The math of this parable is deliberately disproportionate. A rational shepherd calculates: one lost sheep against ninety-nine safe ones — the odds favor cutting your losses. But this shepherd does not calculate. He searches until he finds. And then he celebrates as if the whole flock had been saved. The rejoicing is disproportionate to the scale of the recovery — which is exactly the point. Heaven's response to one person coming home is not a quiet nod of relief. It is a party.

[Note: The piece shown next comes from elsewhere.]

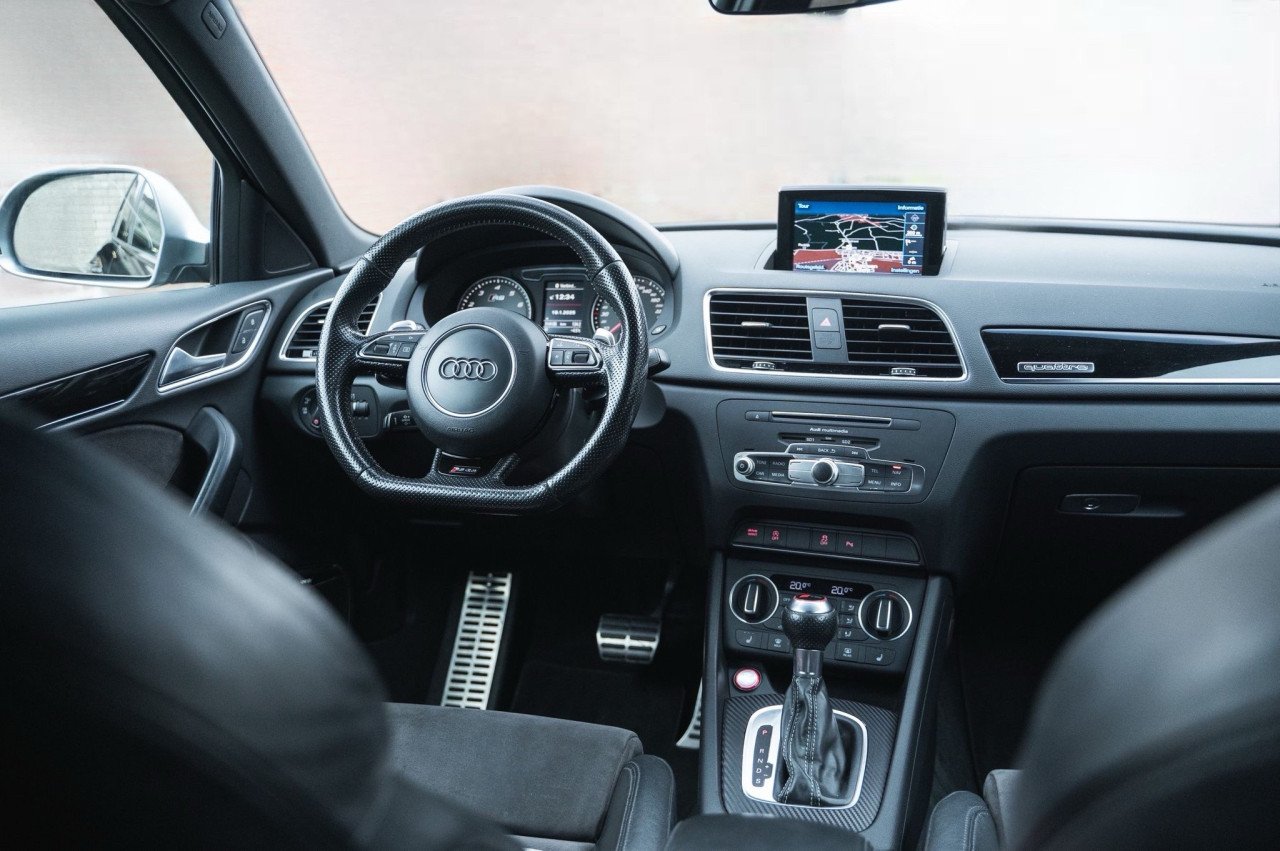 Audi RSQ3 2.5 TFSI 11/2016 Zwart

The Lost Coin: The Thorough Search

Luke 15:8–10. A woman has ten silver coins and loses one. She lights a lamp, sweeps the entire house, searches carefully until she finds it. And when she finds it — she calls her friends and neighbors. Another party. "There is rejoicing in the presence of the angels of God over one sinner who repents." One coin out of ten. Ten percent. She turns the house upside down for ten percent. Because the one that is missing matters as much as the nine that are safe.

The Lost Son: The Running Father

Luke 15:11–32. The younger son demands his inheritance while his father is still alive — which in the ancient Middle East was equivalent to saying "I wish you were dead." The father gives it. The son leaves and wastes it all. He ends up feeding pigs — the most degrading possible position for a Jewish young man. And Luke 15:17 says "he came to his senses." He rehearsed his speech: "Father, I have sinned against heaven and against you. I am no longer worthy to be called your son; make me like one of your hired servants." He headed home with his apology prepared and his expectations at the floor.

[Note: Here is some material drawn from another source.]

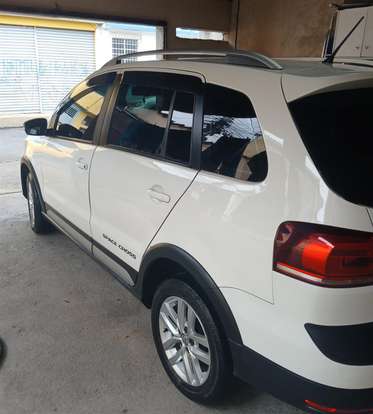 VOLKSWAGEN-SPACE CROSS-2015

Luke 15:20 — "But while he was still a long way off, his father saw him and was filled with compassion for him; he ran to his son, threw his arms around him and kissed him." The father ran. In the ancient Middle East, a patriarch did not run — it was undignified, it was the movement of servants and children, not of men of status. But this father had been watching the road. He recognized his son from a distance. And he ran. He did not wait for the apology. He did not require proof of repentance. He ran toward him while the rehearsed speech was still in his son's mouth.

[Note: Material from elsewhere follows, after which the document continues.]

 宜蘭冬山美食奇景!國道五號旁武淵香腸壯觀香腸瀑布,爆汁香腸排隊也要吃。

"But while he was still a long way off, his father saw him and was filled with compassion for him; he ran to his son, threw his arms around him and kissed him."

— Luke 15:20

The Older Brother and the Party He Refused to Attend

The story does not end with the celebration. Luke 15:25–32 brings in the older brother — who has been faithfully working in the field and comes home to music and dancing. He refuses to go in. He is furious: "All these years I've been slaving for you and never disobeyed your orders. Yet you never gave me even a young goat so I could celebrate with my friends. But when this son of yours who has squandered your property with prostitutes comes home, you kill the fattened calf for him!" He is not wrong about the facts. And the father does not dismiss his feelings: "Son, you are always with me, and everything I have is yours." But then: "We had to celebrate and be glad, because this brother of yours was dead and is alive again; he was lost and is found." The older brother's story ends without resolution — because Jesus is asking the Pharisees which one of these characters they are, and leaving the answer open for them to sit with.

The Takeaway

Heaven throws a party over one person coming home. God's heart toward the lost is not indifference or judgment — it is passionate, watching-the-road, running-down-the-driveway love. And those who follow Him are called to carry that same heart toward every lost person they encounter.

Which character are you in this story today — the sheep, the coin, the prodigal, or the older brother? And what does your answer reveal about where you are with God?